Qualquer movimento em direção ao enfrentamento de condutas socialmente reprováveis merece total apoio. Contudo, é importante reconhecer que esses casos representam uma pequena fração diante de um cenário em que a grande maioria dos contribuintes utiliza o sistema de compensações cruzadas em respeito ao princípio da não cumulatividade dos tributos, para evitar que os preços dos produtos sejam inflacionados por impostos decorrentes de suas próprias operações. Esse sistema é saudável para a economia e promete ser mais abrangente com a entrada em vigor do novo sistema tributário, previsto pela Reforma Tributária.

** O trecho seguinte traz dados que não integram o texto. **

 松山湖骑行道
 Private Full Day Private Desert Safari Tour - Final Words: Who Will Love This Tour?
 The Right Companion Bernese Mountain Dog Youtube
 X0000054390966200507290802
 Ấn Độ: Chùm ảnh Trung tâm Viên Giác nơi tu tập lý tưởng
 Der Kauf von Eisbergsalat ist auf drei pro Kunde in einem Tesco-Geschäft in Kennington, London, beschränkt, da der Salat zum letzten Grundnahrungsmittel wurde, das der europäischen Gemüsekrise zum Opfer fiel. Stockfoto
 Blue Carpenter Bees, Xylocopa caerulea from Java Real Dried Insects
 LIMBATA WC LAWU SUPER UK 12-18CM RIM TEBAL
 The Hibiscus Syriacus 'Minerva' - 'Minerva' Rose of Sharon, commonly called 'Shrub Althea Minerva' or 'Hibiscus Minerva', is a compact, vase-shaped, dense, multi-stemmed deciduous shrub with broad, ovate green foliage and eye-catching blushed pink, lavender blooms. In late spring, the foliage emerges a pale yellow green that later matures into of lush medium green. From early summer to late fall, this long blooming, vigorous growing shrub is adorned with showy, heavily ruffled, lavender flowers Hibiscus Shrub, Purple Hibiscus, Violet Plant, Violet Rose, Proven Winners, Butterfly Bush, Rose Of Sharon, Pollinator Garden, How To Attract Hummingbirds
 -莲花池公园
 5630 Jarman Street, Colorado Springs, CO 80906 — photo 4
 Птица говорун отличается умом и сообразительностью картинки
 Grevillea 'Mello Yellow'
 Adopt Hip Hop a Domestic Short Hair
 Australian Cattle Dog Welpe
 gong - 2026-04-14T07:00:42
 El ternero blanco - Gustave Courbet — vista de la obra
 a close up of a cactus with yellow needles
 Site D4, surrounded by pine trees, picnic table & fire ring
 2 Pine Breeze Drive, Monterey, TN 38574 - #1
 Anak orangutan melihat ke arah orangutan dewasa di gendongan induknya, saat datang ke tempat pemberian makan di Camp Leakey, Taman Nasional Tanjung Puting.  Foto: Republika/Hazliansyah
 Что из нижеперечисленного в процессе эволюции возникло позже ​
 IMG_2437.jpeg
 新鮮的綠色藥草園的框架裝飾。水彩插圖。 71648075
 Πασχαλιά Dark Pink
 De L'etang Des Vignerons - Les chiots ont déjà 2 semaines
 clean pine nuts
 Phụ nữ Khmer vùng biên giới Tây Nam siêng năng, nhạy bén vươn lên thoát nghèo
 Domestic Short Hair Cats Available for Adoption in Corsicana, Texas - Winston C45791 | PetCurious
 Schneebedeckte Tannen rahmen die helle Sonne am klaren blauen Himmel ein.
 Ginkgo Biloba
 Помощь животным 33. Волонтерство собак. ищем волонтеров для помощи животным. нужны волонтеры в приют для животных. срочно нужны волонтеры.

Segundo os recentes dados oficiais publicados pela Receita, dos R$ 2,6 trilhões em dívidas tributárias, 82% estão com a exigibilidade suspensa por conta de ações tanto no âmbito administrativo quanto judicial. Com a intensificação das fiscalizações, que têm como pretexto a redução de fraudes, é provável que vejamos um aumento significativo de discussões em ambas as esferas. Isso ocorre porque, muitas vezes, os agentes fiscalizadores desconsideram a legitimidade de compensações tributárias com base em fundamentos superficiais, gerando grande insegurança entre os contribuintes.
Qualquer deslize ou perda de prazos para defesa pode levar à ruína econômica dos estabelecimentos, dada a severidade das multas e juros aplicados em casos de dívida tributária. Os agentes fiscalizadores não têm nenhuma responsabilidade direta por eventuais erros ou incorreções, o que os permite lavrar inúmeros autos de infração com o objetivo de aumentar a arrecadação de maneira forçosa, sem se preocupar com as consequências. Dessa forma, é provável que assistamos a um enrijecimento dos critérios de fiscalização e a um consequente aumento nas disputas entre o Fisco e os contribuintes.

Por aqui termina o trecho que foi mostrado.